--- The input Enclosed Below ---

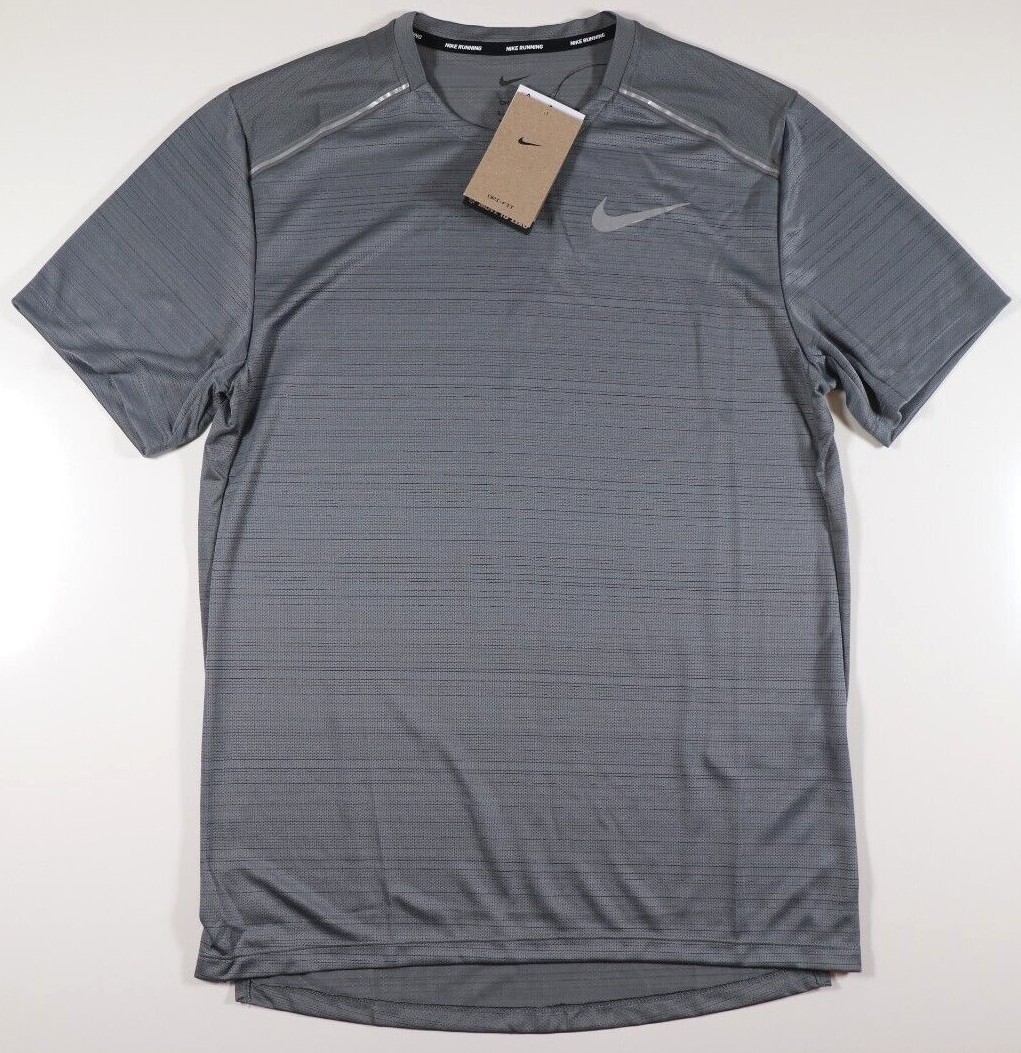 NIKE DRI FIT MILER RUNNING SHORT SLEEVE TOP - GREY AJ7565-085 - MEN S M L 2XL gallery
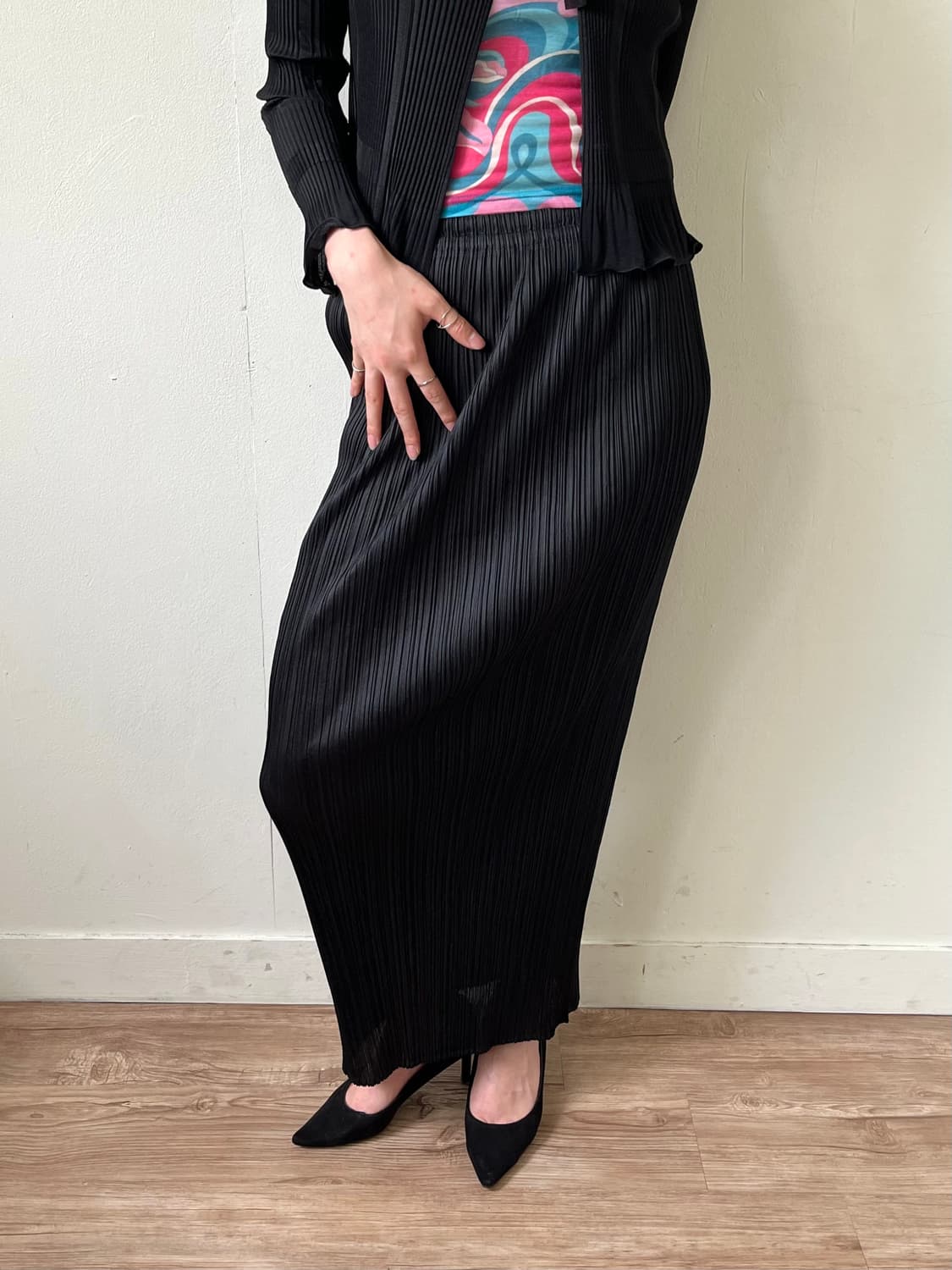 PLEATS PLEASE 블랙 플리츠 스커트 상품이미지6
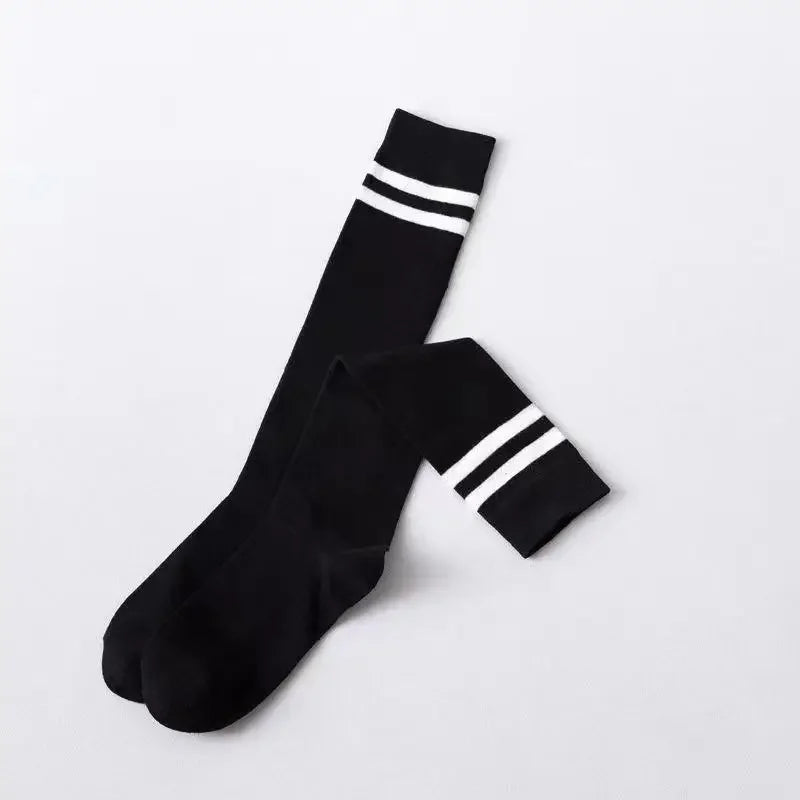 Women's Striped Cotton Calf Socks – JK College Style Pile Socks Cotton Calf Socks Axl 1 One Size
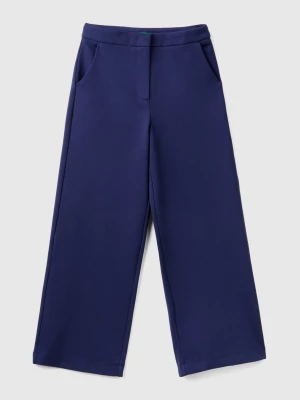 Benetton, Palazzo Trousers In Viscose Blend, size 2XL, Dark Blue, Kids United Colors of Benetton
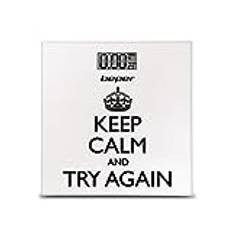 BEPER 40.281 Keep Calm Personal Scale, Digital Scale, Ultratunn, Batteri ingar, Vit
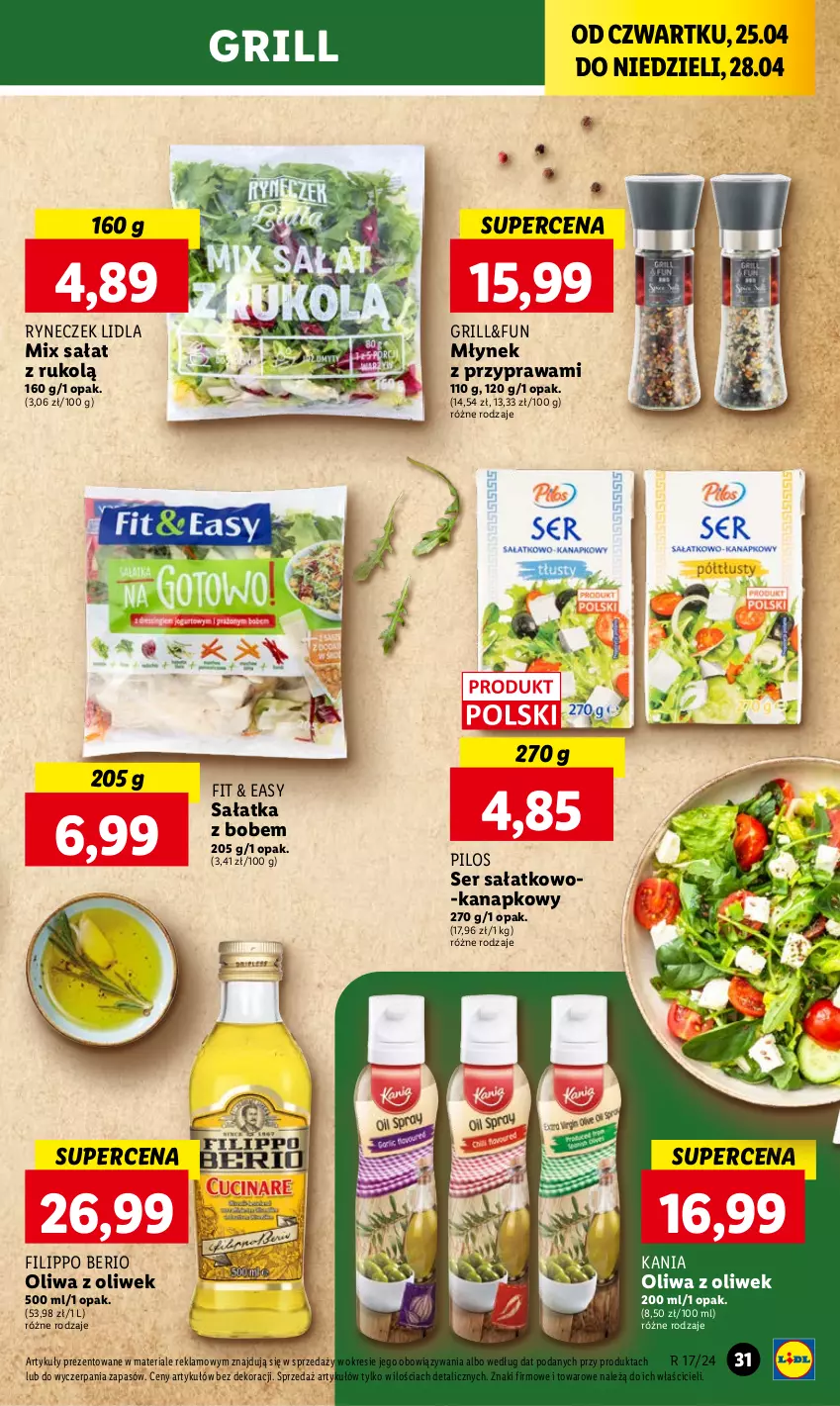 Gazetka promocyjna Lidl - GAZETKA - ważna 25.04 do 28.04.2024 - strona 33 - produkty: Grill, Młynek, Oliwa z oliwek, Pilos, Sałat, Sałatka, Ser, Ser sałatkowo-kanapkowy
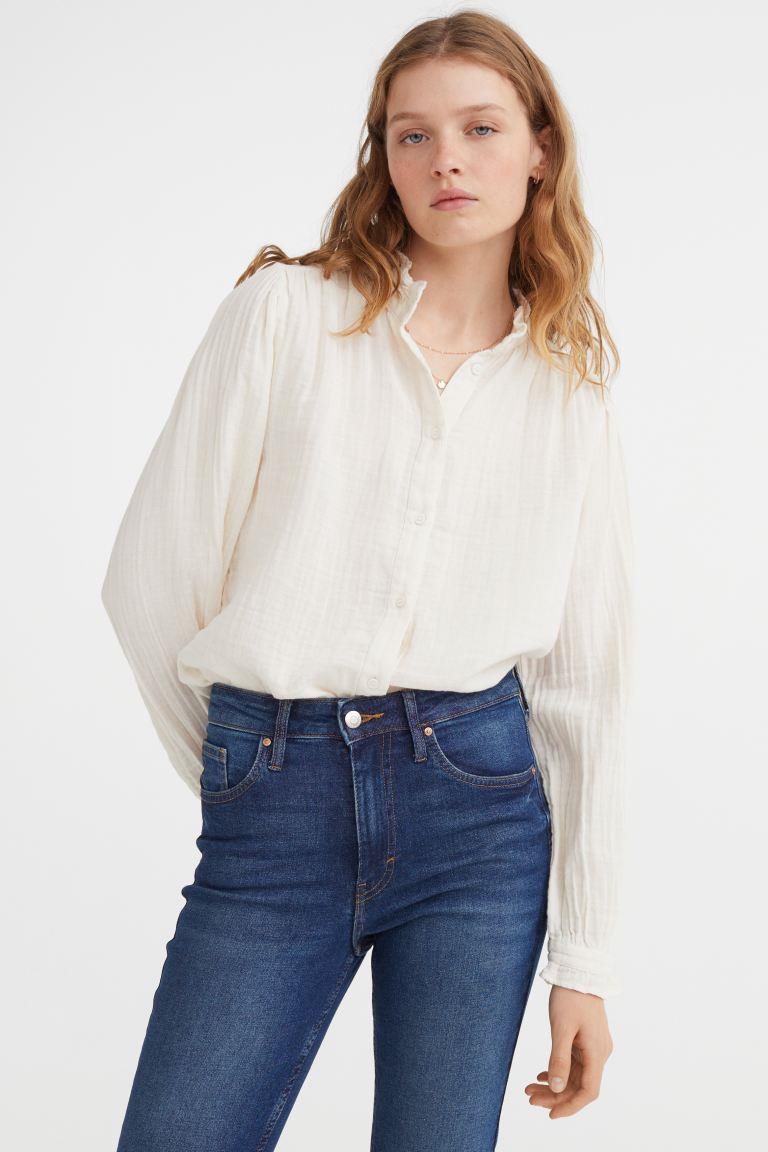Blusa blanca en muselina de algodon, H&M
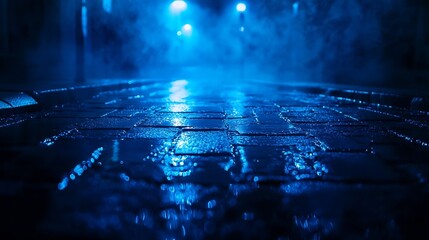 Poster - Dark street wet asphalt reflections of rays in the water Abstract dark blue background smoke smog Empty dark scene neon light spotlights : Generative AI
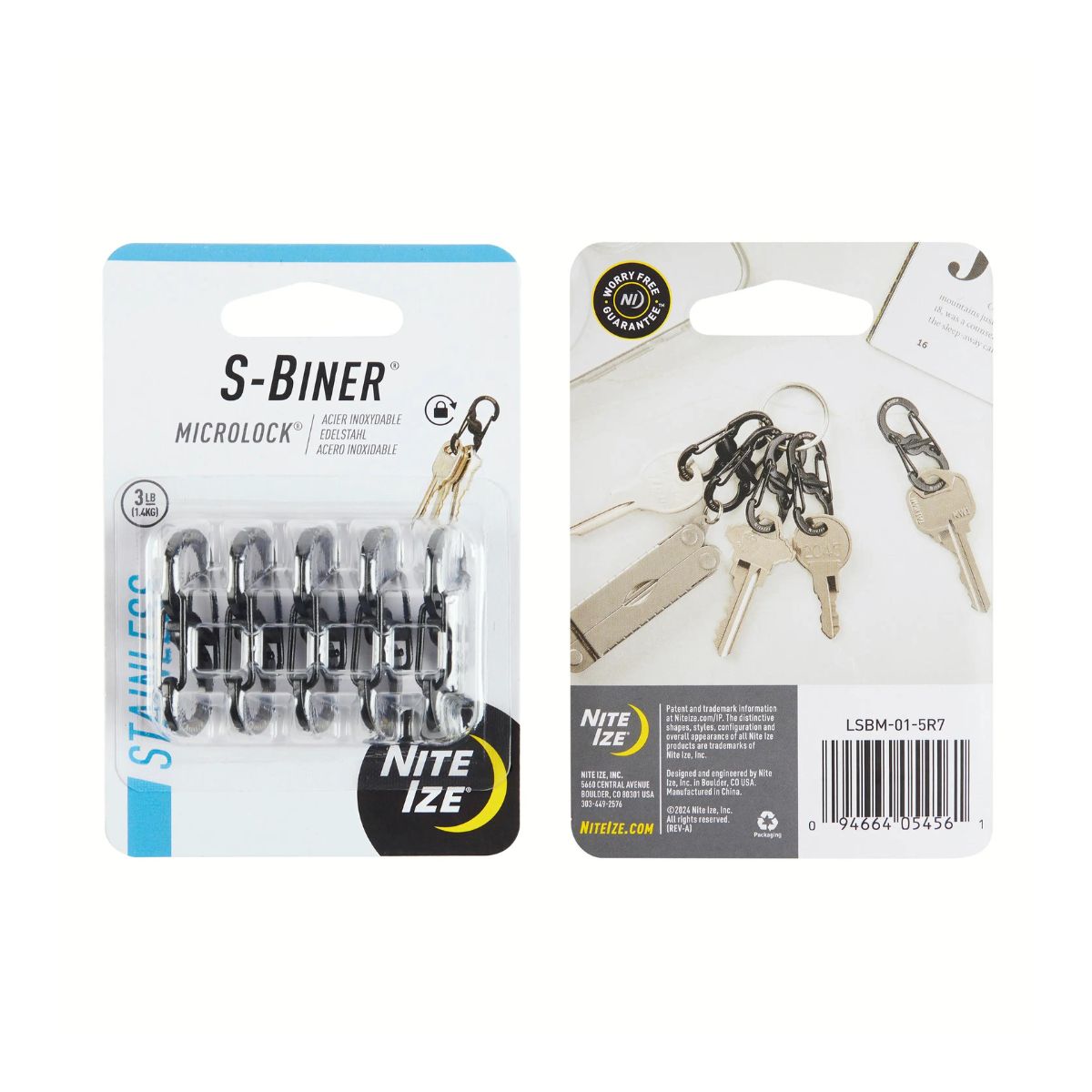 S-Biner MicroLock Stainless Steel - 5 Pack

--- End of Enclosed The input ---

▶ **What is needed**
Once the line with "Women's Striped Cotton" is found above, print it and every line after it through the line with "Benetton, Palazzo Trousers", exactly. Pictures stay out.

▶ **Task answer**
 Women's Striped Cotton Calf Socks – JK College Style Pile Socks Cotton Calf Socks Axl 1 One Size
 Benetton, Palazzo Trousers In Viscose Blend, size 2XL, Dark Blue, Kids United Colors of Benetton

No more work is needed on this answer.